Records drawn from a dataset
# # # # # # #

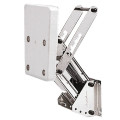 SS outboard bracket 20HP fold.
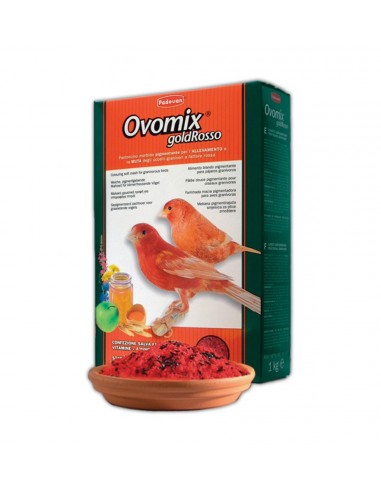 Ovomix Gold Rosso 300gr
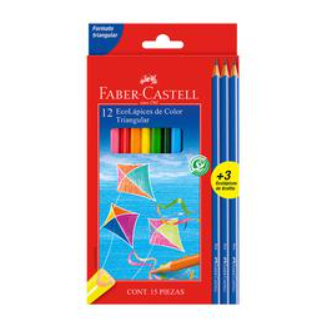 COLORES LARGOS FABER CASTELL X12UNID
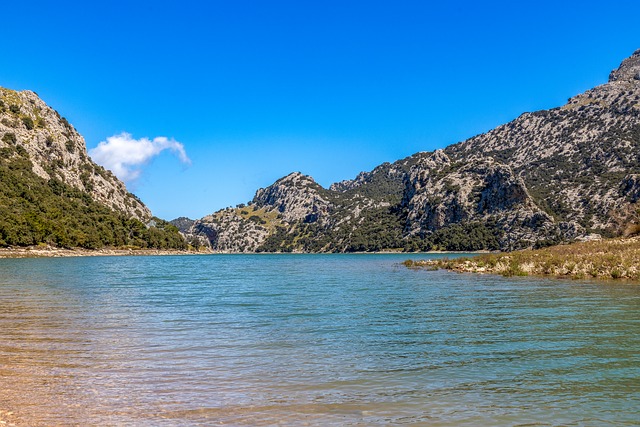Gorg Blau, Stausee, Serra De Tramuntana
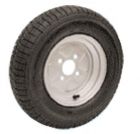 Ruote pneumatiche carrelli alta velocità 145/10"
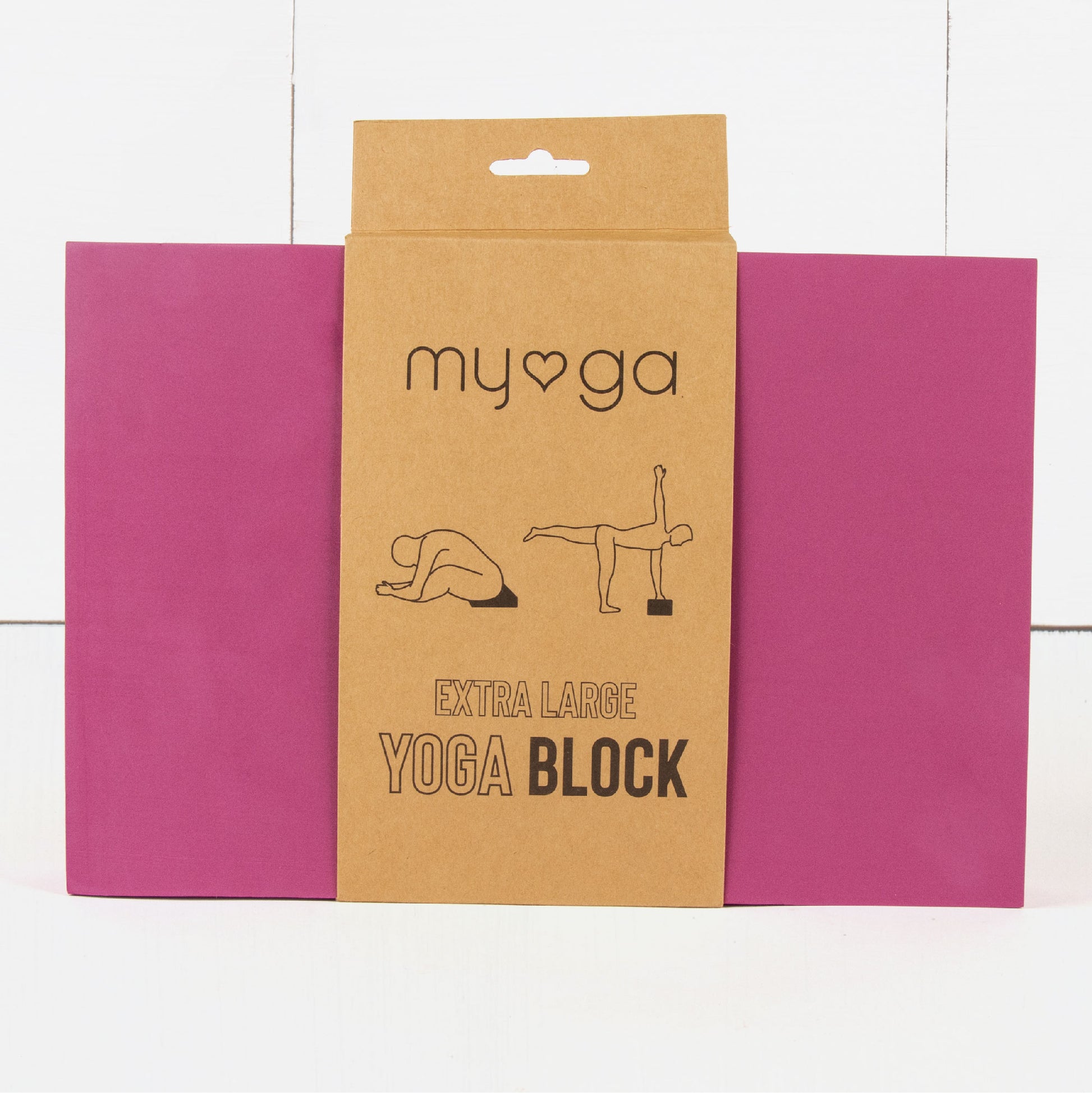 Myga Yoga Block – Rathmines Sports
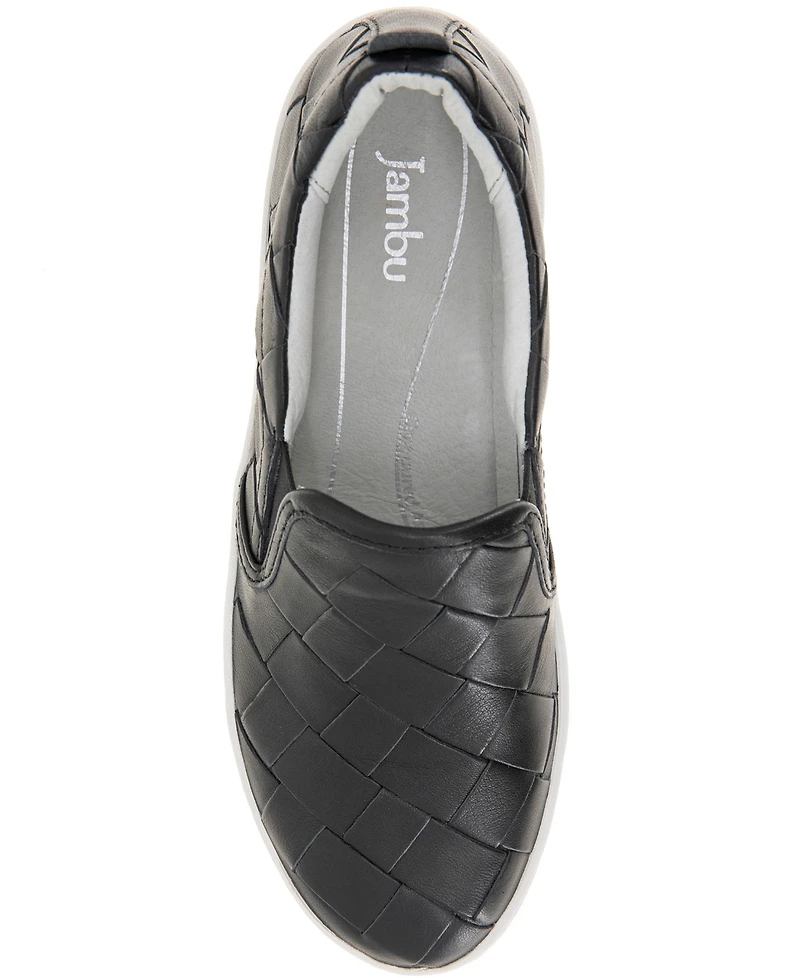 Jambu Women's Chloe Slip on Casual Sneakers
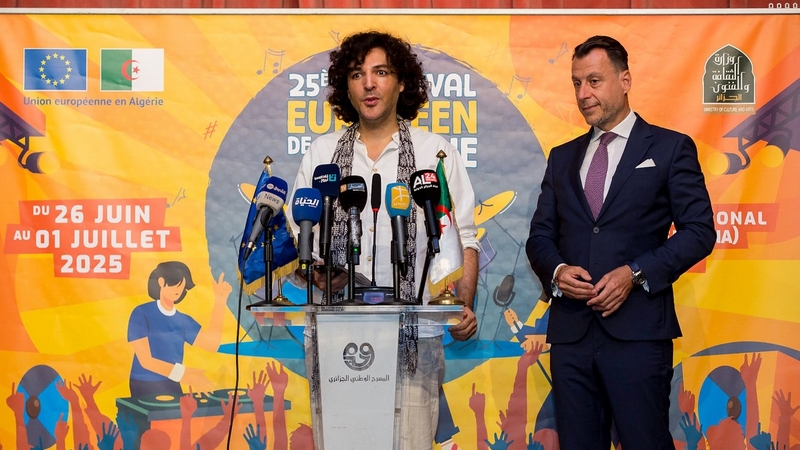 الأوركسترا السنفونية لأوبرا الجزائر في سهرة الانطلاقة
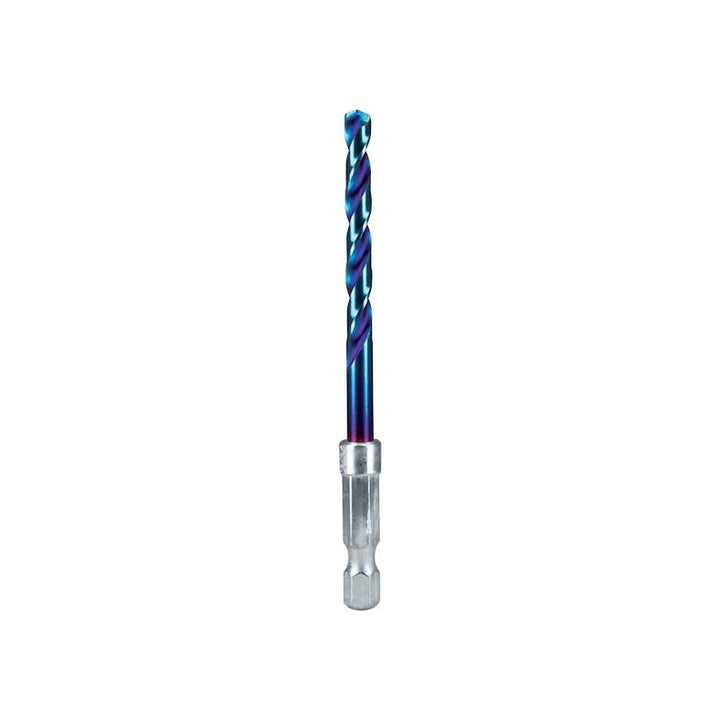 Spyder 19009 Stinger Mach-Blue 13/64-in x 3-3/4-in High-speed Steel Twist Drill Bit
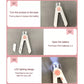 LED Light Dog Cat Nail Clippers With Grinder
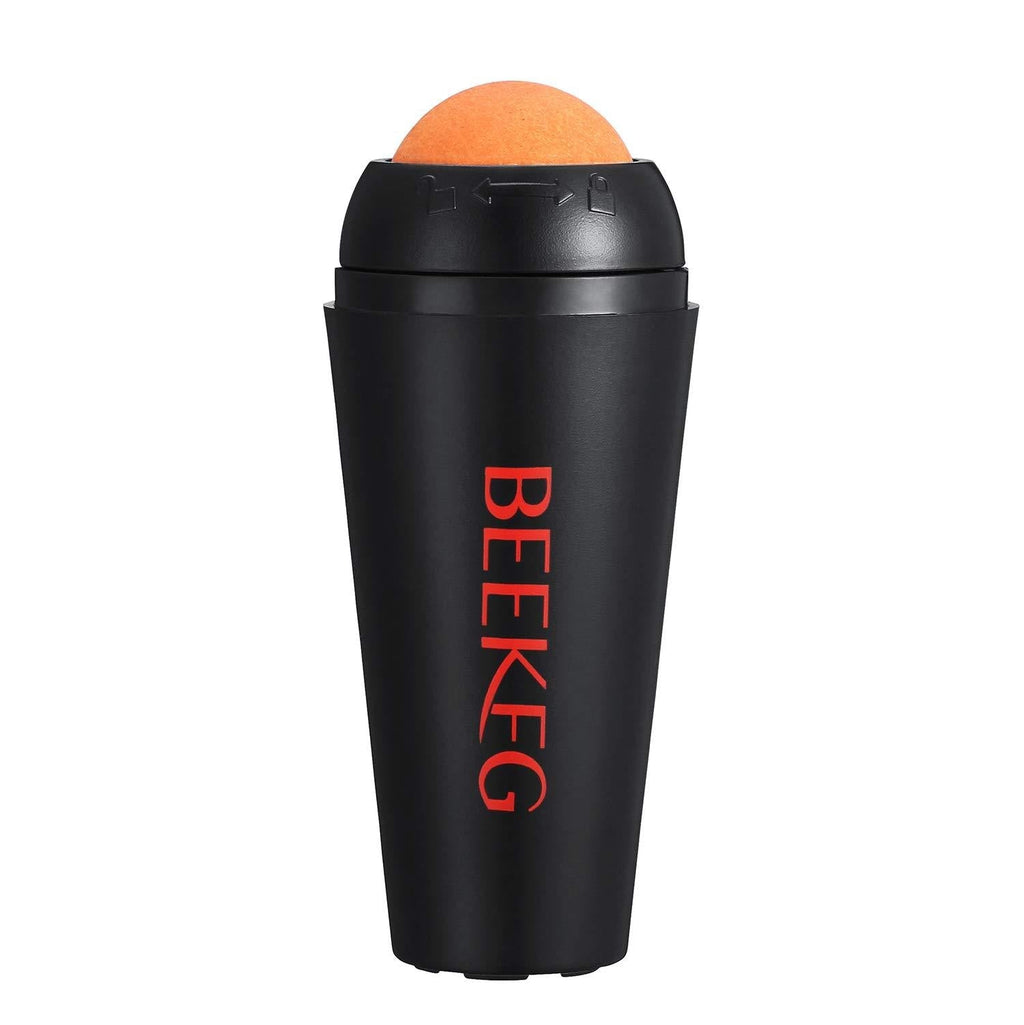 [Australia] - BEEKEG Oil-Absorbing Volcanic Face Roller, Oil Control On-The-Go, Reusable Solution of Combating Oily Skin, Naturally Green Facial Skincare Tool 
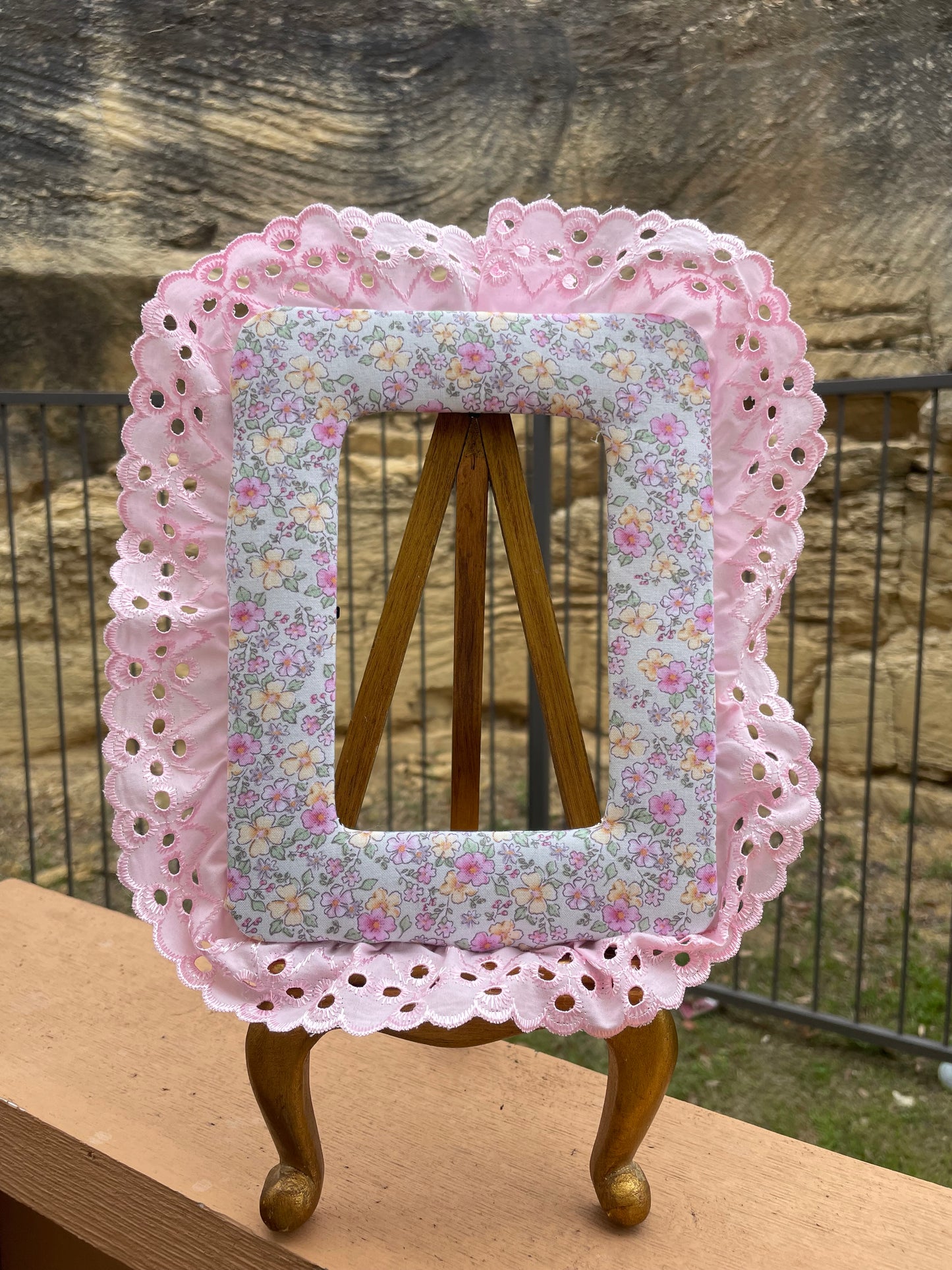 Soft Floral Frame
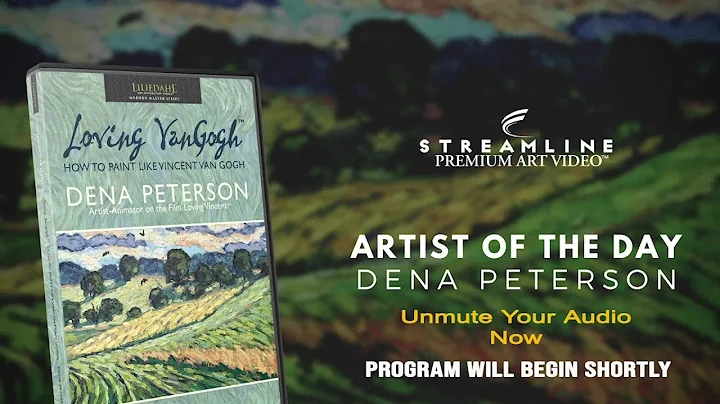Dena Peterson How to Paint Like Van Gogh **FREE LE...
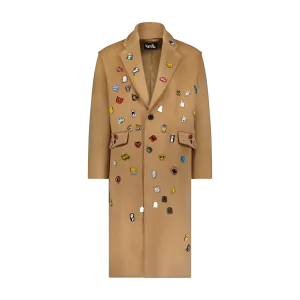 PIN EXPLOSION OVERCOAT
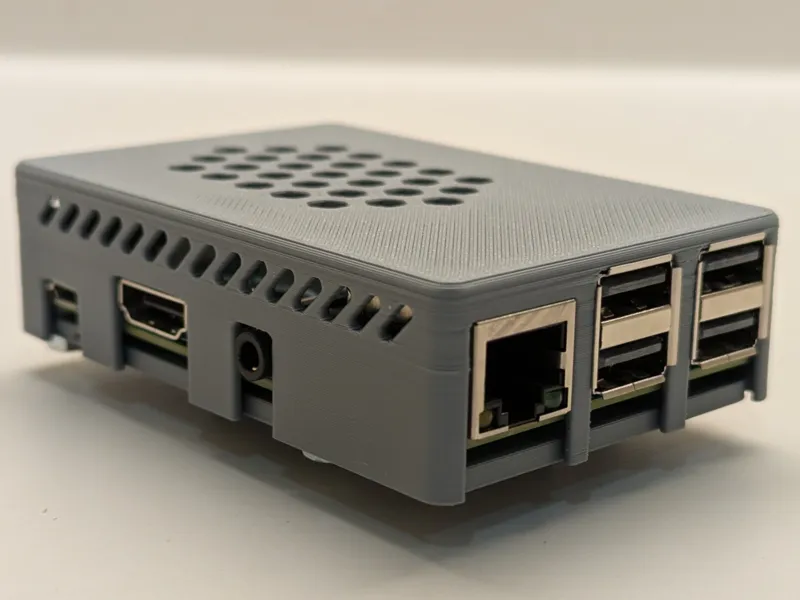Raspberry PI 2 and 3 openGrid mounting case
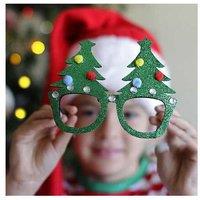 12Pcs Christmas Costume Eyeglasses Frame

# # # # # # #

A verbatim copy is needed of the lines running from the line with "[Australia] - BEEKEG" to the end of the data above, both included. Keep the pictures out of it.

◆ **Answer below**:
 [Australia] - BEEKEG Oil-Absorbing Volcanic Face Roller, Oil Control On-The-Go, Reusable Solution of Combating Oily Skin, Naturally Green Facial Skincare Tool 
 Soft Floral Frame
Dena Peterson How to Paint Like Van Gogh **FREE LE...
 PIN EXPLOSION OVERCOAT
Raspberry PI 2 and 3 openGrid mounting case
 12Pcs Christmas Costume Eyeglasses Frame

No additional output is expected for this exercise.